En fermant le gazoduc Maghreb-Europe, le gouvernement algérien punit son voisin marocain et embarrasse les Européens.
Les Espagnols vont-ils pouvoir se chauffer cet hiver sans avoir à payer davantage ? Pas sûr. Comme annoncé au mois d’août, l’Algérie va mettre fin dimanche à l’approvisionnement du gazoduc Maghreb-Europe. Inauguré en 1996 et opéré par le géant national Sonatrach, il acheminait chaque année 10 milliards de mètres cubes de gaz naturel vers l’Espagne et le Portugal en passant par le Maroc. Si l’Espagne dépend de l’Algérie pour la moitié du gaz qu’elle consomme, le royaume chérifien, lui, bénéficiait de son statut de transitaire avec un péage qui lui rapportait jusqu’à 200 millions d’euros par an.
Une petite phrase
Pourquoi punir ainsi le Maroc et handicaper l’Espagne à l’heure où les prix de l’énergie s’envolent ? Il aura suffi d’une petite phrase au coeur de l’été lors d’une visioconférence aux Nations unies pour mettre le feu aux poudres. Le chef de la diplomatie algérienne, Ramtane Lamamra, y avait rappelé le soutien constant de son pays à « l’autodétermination du peuple sahraoui » au Sahara occidental, administré depuis 1975 par le Maroc. Le représentant marocain avait alors répliqué que le peuple kabyle en Algérie méritait « plus que tout autre de jouir pleinement de son droit à l’autodétermination ».
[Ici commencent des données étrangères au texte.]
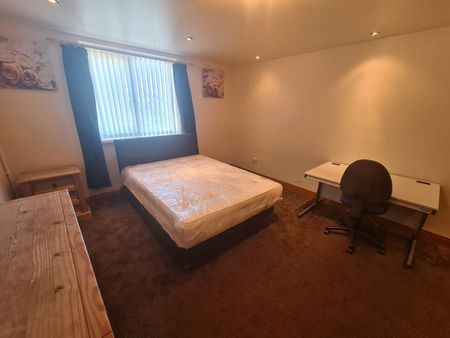 6 Bed - 27 Regent Terrace, Hyde Park, Leeds - LS6 1NP - Student - Photo 4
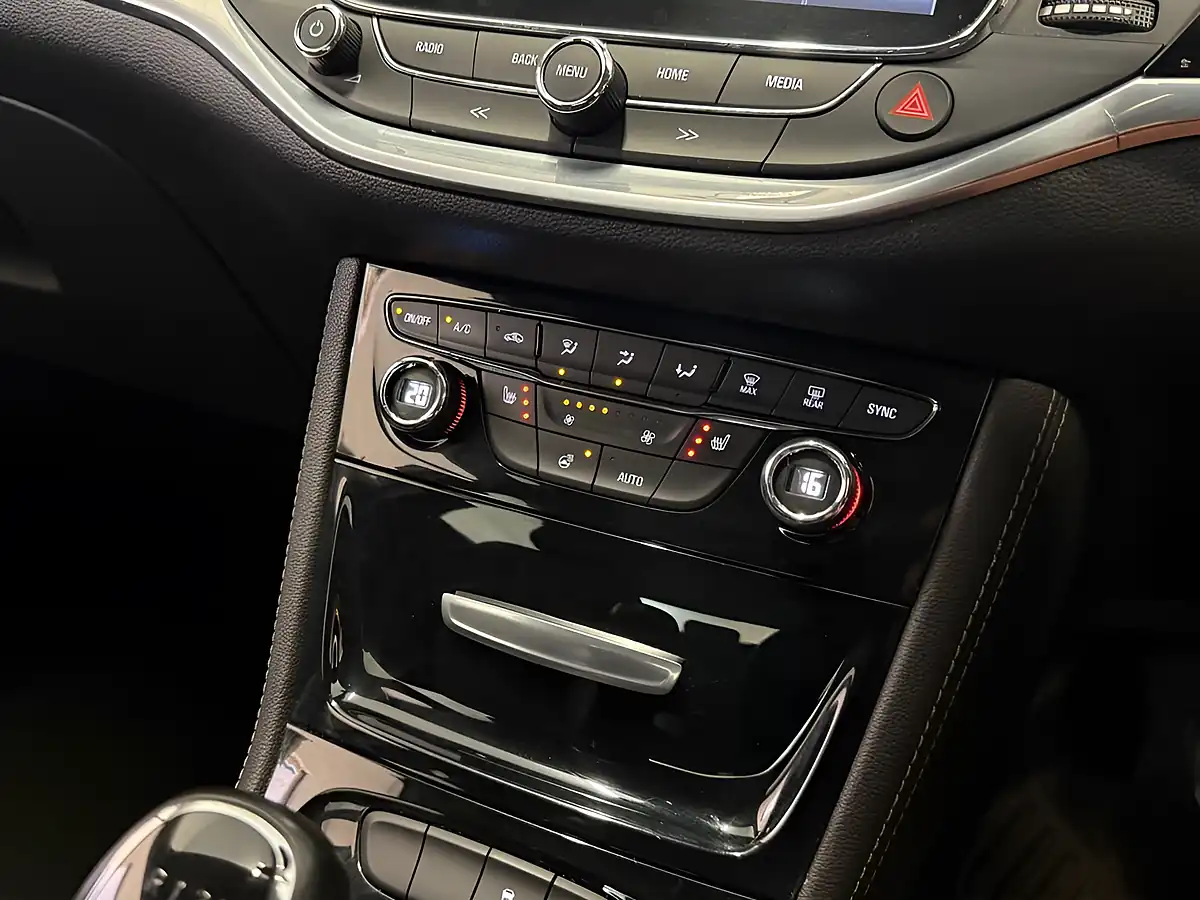 Used 2017 Vauxhall Astra Elite Nav Grey - Interior and Exterior details 14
Insulte suprême à la souveraineté et à l’unité de l’Algérie qui s’ajoutait aux accusations selon lesquelles le Maroc avait instrumentalisé la révolte populaire du Hirak et soutenu les incendiaires « terroristes » des forêts de Kabylie. Alger a donc décidé unilatéralement de rompre les relations diplomatiques avec son voisin. Les frontières étaient déjà fermées, les ambassadeurs ont été rappelés, et voilà que le robinet du gaz est désormais fermé.
« L’Algérie se recroqueville sur elle-même et se lance dans une fuite en avant en utilisant tous ses vieux réflexes de dénonciation de la main de l’étranger pour expliquer les crises qui la parcourent, analyse Pierre Razoux, directeur académique de la Fondation méditerranéenne d’études stratégiques (Fmes). Le gain géopolitique de cette nouvelle initiative est nul mais les autorités algériennes s’en moquent, car la hausse des prix du gaz et du pétrole leur donne une marge de manœuvre face à une opinion en attente de redistribution sociale. »
Au Maroc, c’est peu de dire que la nouvelle a été prise avec dédain. Les autorités du nouveau gouvernement d’Aziz Akhannouch sont même en pourparlers avec l’Espagne pour qu’elle leur renvoie par le même gazoduc inutilisé par l’Algérie ce qui contribue à sa consommation.